On the surface this seems a somewhat uncaring attitude, however, I can understand this answer, having just read an online post by a cyclist. The writer asks why the hatred from other road users, why do they scream abuse at him, throw trash at him, and try to run him off the road?

The cyclist is from another state in the south, not far from South Carolina where I live. How different can drivers be, between the two states? Yet none of these terrible experiences he relates, ever happen to me. Like Sri Nisargadatta I could answer, “This is in your world, not mine."

The difference is, when I set out for a bike ride I do so with a positive attitude and I am not expecting the worst will happen. I go riding with the attitude that most people on the road a simply a cross section of the population and for the most part are inherently, good, decent people. Only a tiny minority are criminally inclined, and malicious.

We all know that many drivers are inattentive, however, they are not inattentive 100% of the time, so the chances of them being distracted at the precise moment they pass me is remote.
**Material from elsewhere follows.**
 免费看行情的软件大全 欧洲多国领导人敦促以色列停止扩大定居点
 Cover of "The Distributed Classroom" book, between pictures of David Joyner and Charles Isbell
In other words, the odds of my not being hit are far greater than being hit, so why should I dwell on the thought that that a slight possibility might occur.

Most successful people believe in the power of positive thinking; the problem is negative thoughts are just as powerful. We attract to ourselves whatever we hold in our thoughts. A person riding a bike with the attitude that all drivers are morons will attract the behavior they expect.

It is natural to have negative thoughts and to fear the worst, not only are we bombarded with negativity from the media, we get it constantly from work colleagues and those around us; plus as previously mentioned, fear is a basic instinct.

However, as humans we are capable of rationalizing, and do not need to live our lives in constant fear. We are all freethinking spirits and we do not have to dwell on the negative.

Something else I have learned; the things that annoy me as I go through life have a tendency to keep repeating. I try to recognize these re-occurring annoyances, observe them as such, but try not to get angry. After doing this a few times, the annoyance stops re-occurring.

If bad experiences are happening to you every time you ride, realize these bad incidents involve different people. The only common denominator in these totally random incidents is you.

There is a tendency to find whatever we look for. If we look for the worst in people, this is most likely what we will find. Turn that around and realize that there are more good people in this world than bad.

I try to fill my mind with good positive thoughts before I even set out on a ride; I have no control over the thoughts and actions of others, only those of my own.

I don't worry if negative thoughts slip back in, because I know they will. I am conscious of these thoughts and replace them with a positive one. A positive thought will always cancel out a negative one, as surely as light will overcome darkness, and good will overcome bad.

If you are skeptical, try it anyway; what have you got to lose? Just your bad experiences.

Reader Comments (18)

Well said Dave. There is a woman in our local cycling club that always complains about dogs chasing her. She carries a lot of anger towards the owners, always threatening to sue them. During one ride last summer she was recounting her latest dog experience when she was bitten. Later in the ride we passed a farm where there are two dogs that always chase cyclists. After passing the farm, word came up through the group that the dog had bitten one of our riders. Guess who it bit? You got it, the woman who carries all the negativity and anger towards dogs and their owners. I've been chased dozens of times by those two dogs and they've never bitten me. I really do believe her negativity led to her being the one they decided to bite.
May 11, 2008 | Unregistered Commenter Doug
Great post Dave! Could not agree with these thoughts more. The general theme here is don't spend time worrying about things that you cannot control.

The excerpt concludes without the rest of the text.